Data supplied START

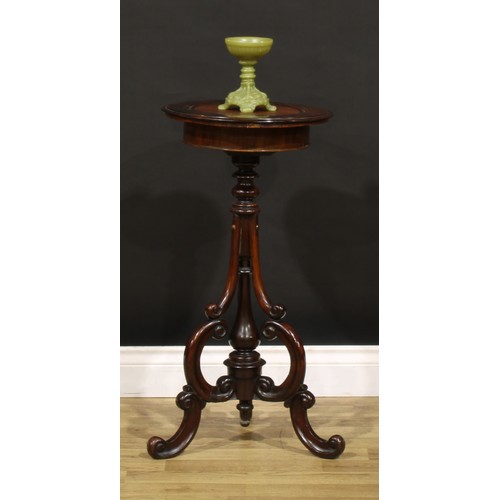 1864 - A Victorian rosewood tripod bloom table or aspidistra stand, circular top with later removable cover... 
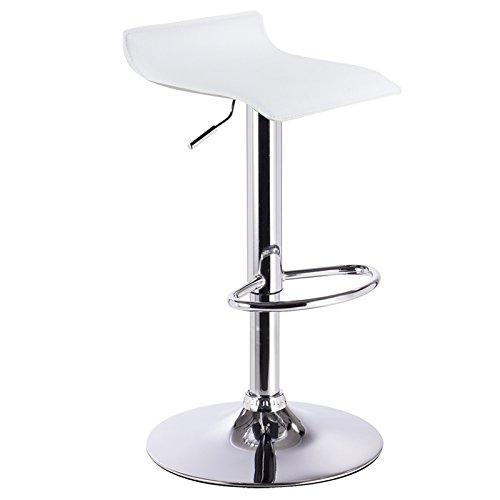 WOLTU 1x Taburetes de Bar Regulable en Altura Cuero Artificial Acero Cromado Asiento Acolchado Silla de Bar Taburetes Alto Cocina Blanco BH11ws-1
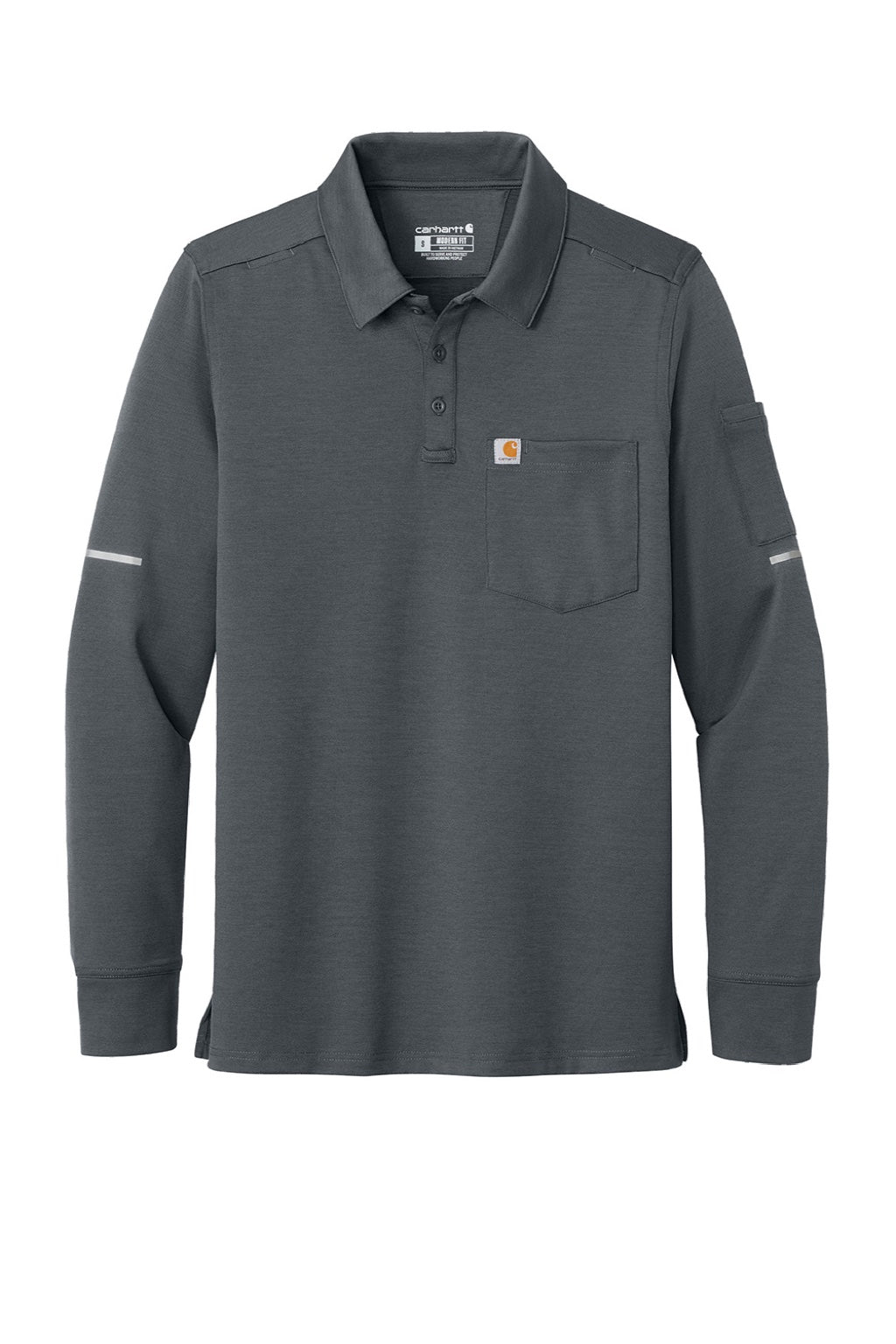 Carhartt CTC16129 Mens FLD & RSCU Long Sleeve Polo Shirt w/ Pocket Pewter Grey Flat Front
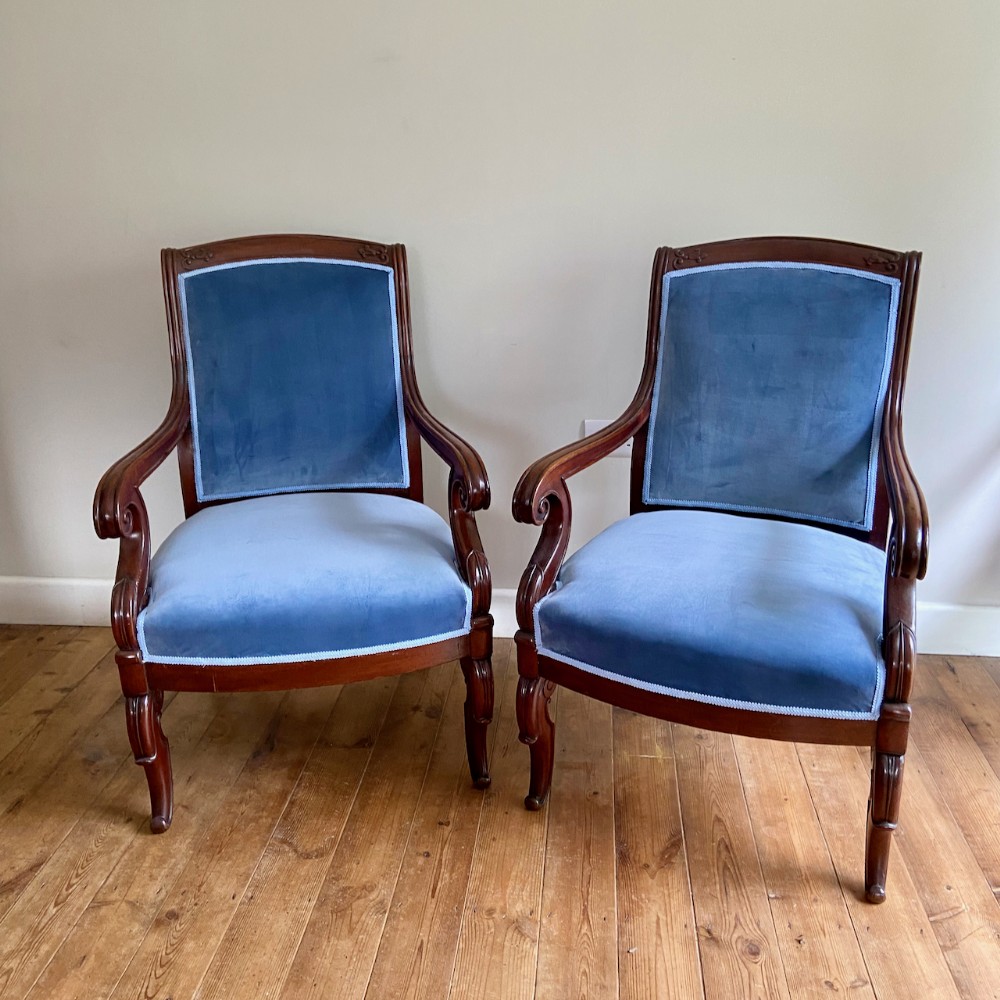 Pair of French Mahogany Library Chairs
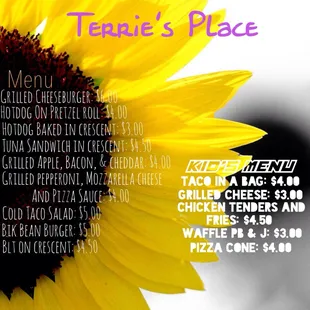 Terrie&apos;s Place Menu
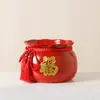 Bolsa de la Suerte Accesorios Dios de la Riqueza Fruta del Dinero Bayas Rojas Hojas de Ginkgo Eucalipto Arreglo Floral DIY Adornos de Año Nuevo Decoraciones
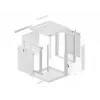 Lanberg pie sienas stiprināms instalācijas plaukts 19 inch 12U 600x600mm pelēks (stikla durvis)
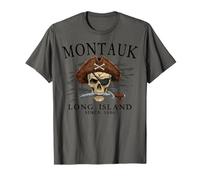 Montauk Long Island NY Pirate Skull Since 1686 Black T-Shirt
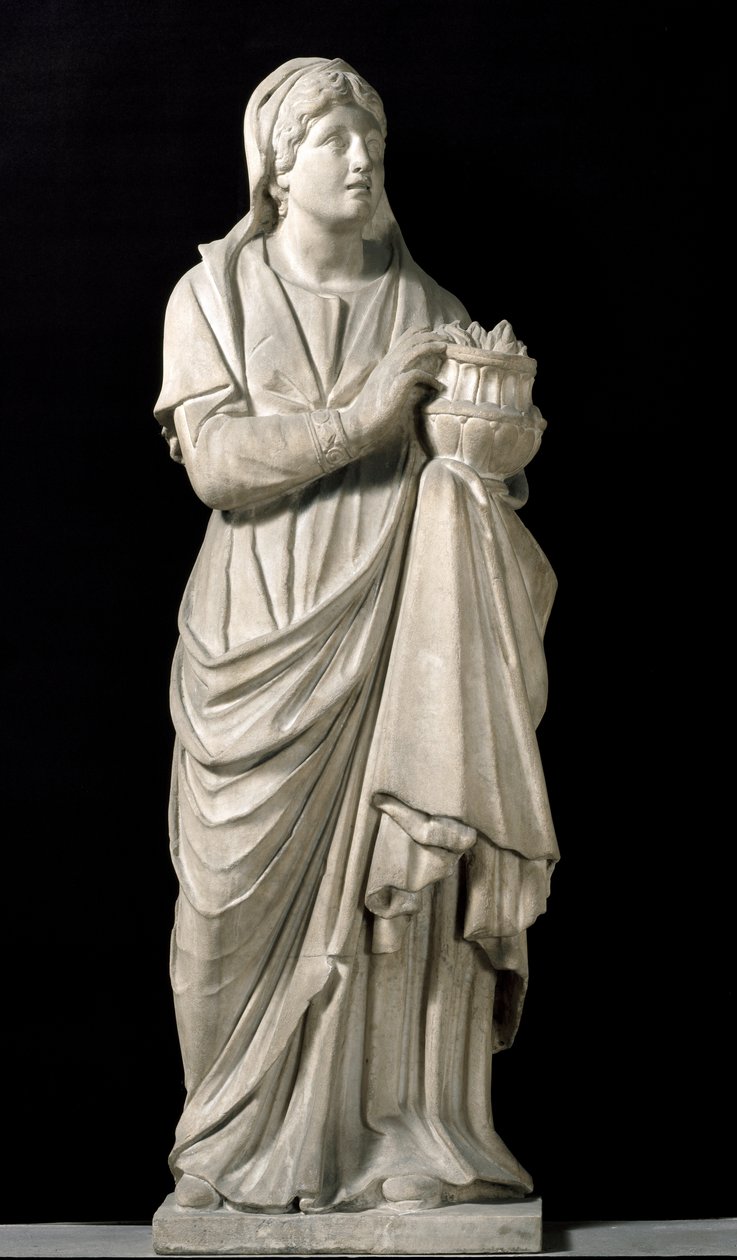 Saint Reparata, z původní fasády. Mramorová socha od Arnolfo di Cambio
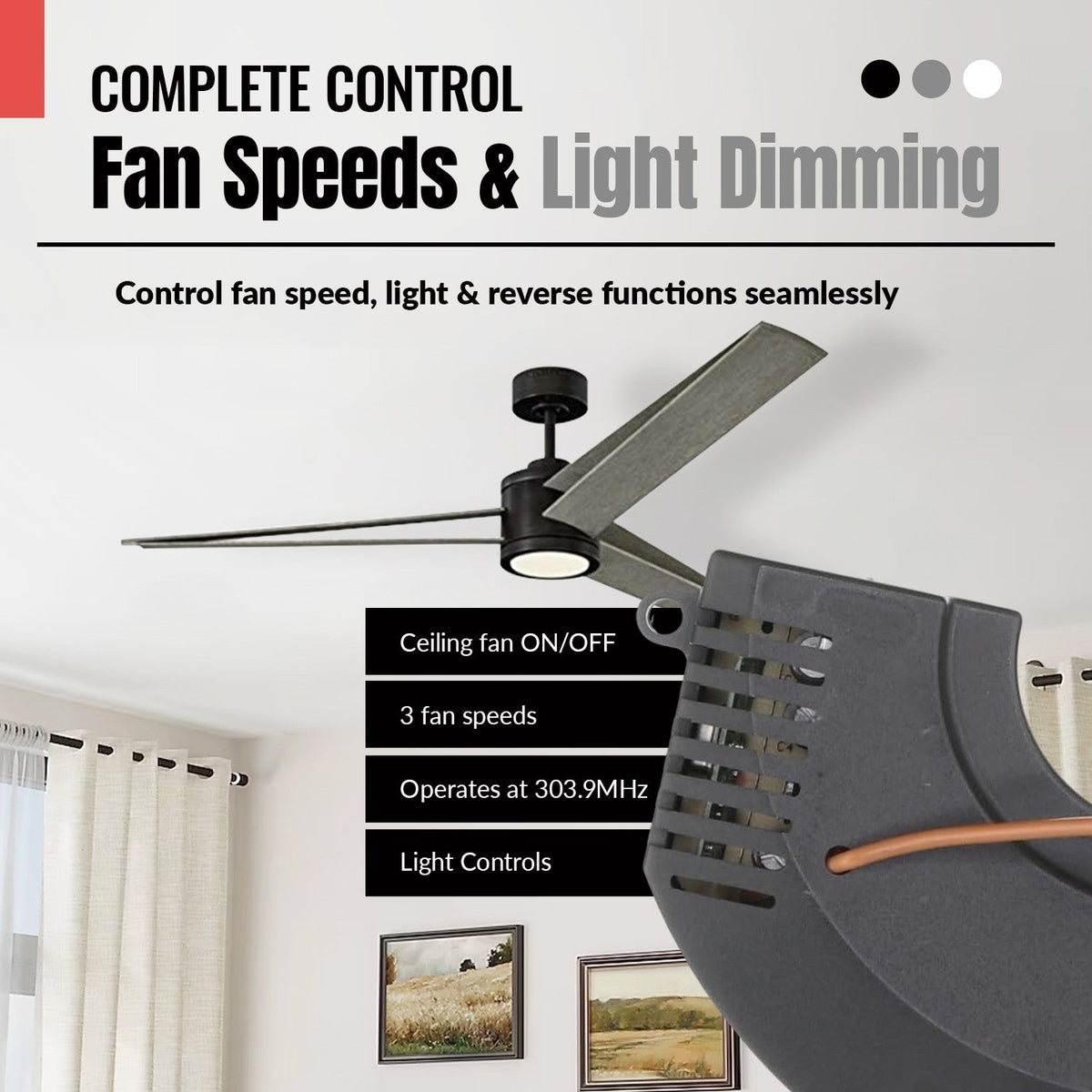 Anderic Substitute for Harbor Breeze MR58A 3-Speed Learning Ceiling Fan Receiver [FAN35T-FAN30R-KIT]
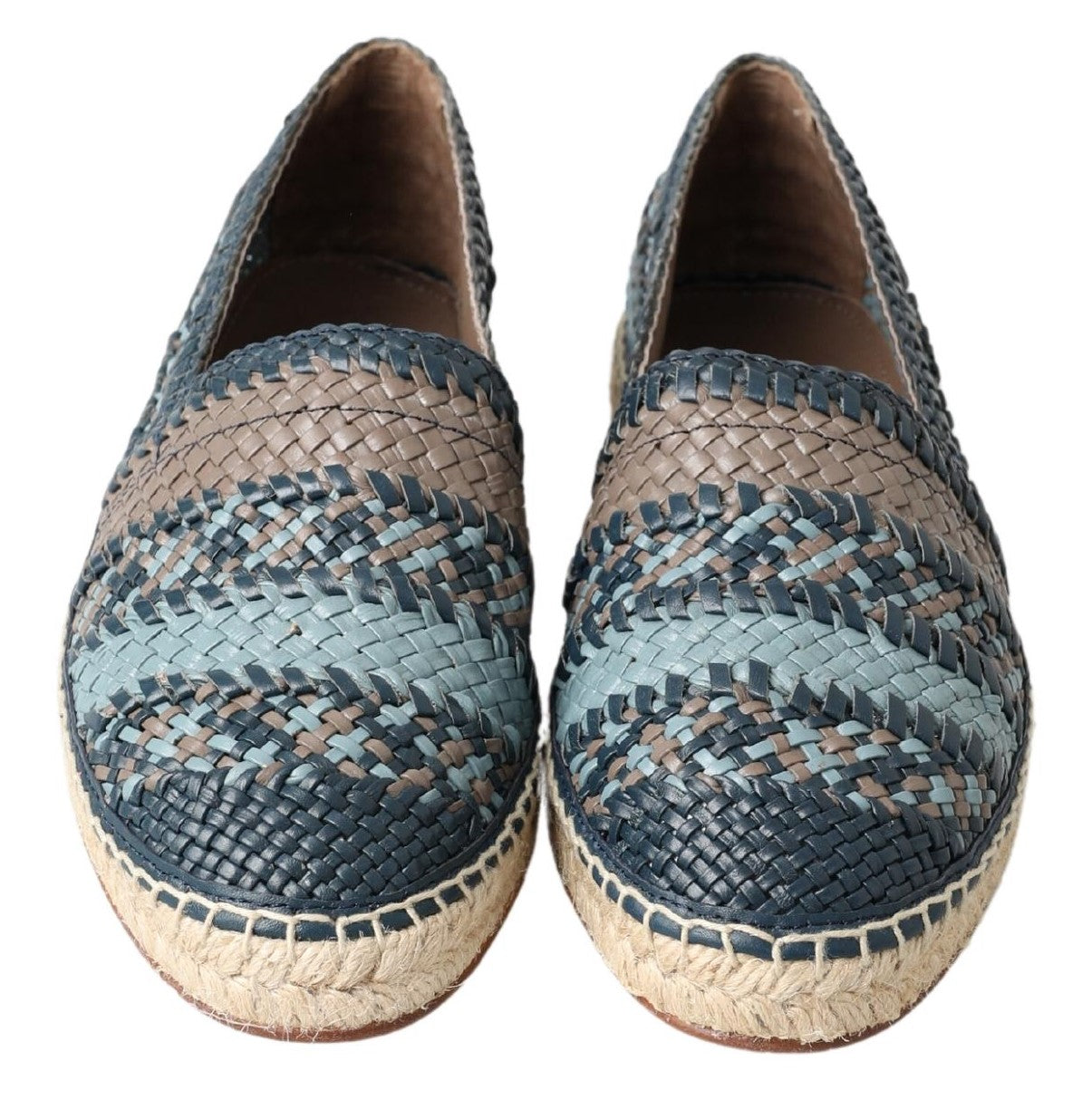 Blue gray leather buffalo espadrille shoes by Dolce & Gabbana, featuring a woven sole and slip-on design for casual style.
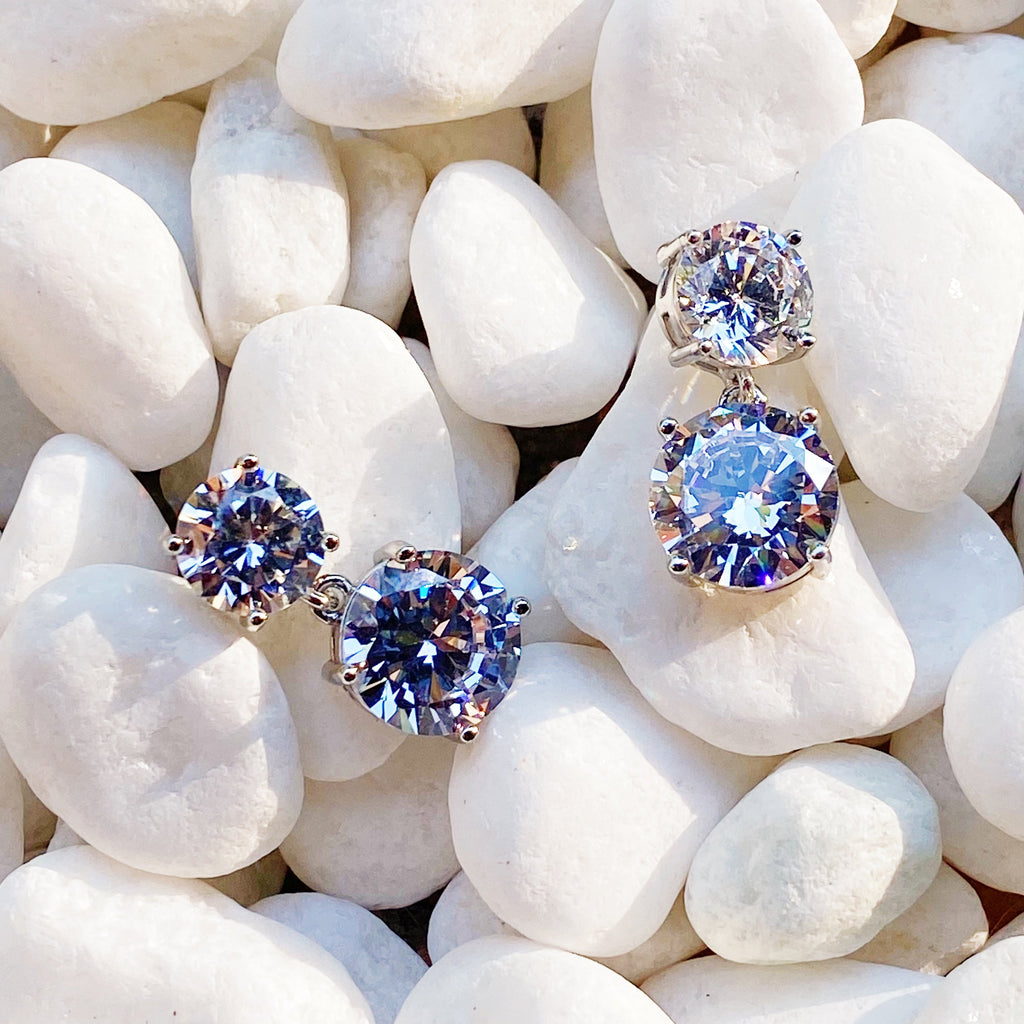 Boucles d'oreilles Double Diamant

Data supplied END

◆ **How to complete this task**: Could you repeat each line above exactly as written? Omit the pictures.

◆ **Solved exercise**:
 1864 - A Victorian rosewood tripod bloom table or aspidistra stand, circular top with later removable cover... 
 WOLTU 1x Taburetes de Bar Regulable en Altura Cuero Artificial Acero Cromado Asiento Acolchado Silla de Bar Taburetes Alto Cocina Blanco BH11ws-1
 Carhartt CTC16129 Mens FLD & RSCU Long Sleeve Polo Shirt w/ Pocket Pewter Grey Flat Front
 Pair of French Mahogany Library Chairs
 Terrie&apos;s Place Menu
 Bolsa de la Suerte Accesorios Dios de la Riqueza Fruta del Dinero Bayas Rojas Hojas de Ginkgo Eucalipto Arreglo Floral DIY Adornos de Año Nuevo Decoraciones
 Lanberg pie sienas stiprināms instalācijas plaukts 19 inch 12U 600x600mm pelēks (stikla durvis)
 Montauk Long Island NY Pirate Skull Since 1686 Black T-Shirt
 Saint Reparata, z původní fasády. Mramorová socha od Arnolfo di Cambio
 Anderic Substitute for Harbor Breeze MR58A 3-Speed Learning Ceiling Fan Receiver [FAN35T-FAN30R-KIT]
 Blue gray leather buffalo espadrille shoes by Dolce & Gabbana, featuring a woven sole and slip-on design for casual style.
 Boucles d'oreilles Double Diamant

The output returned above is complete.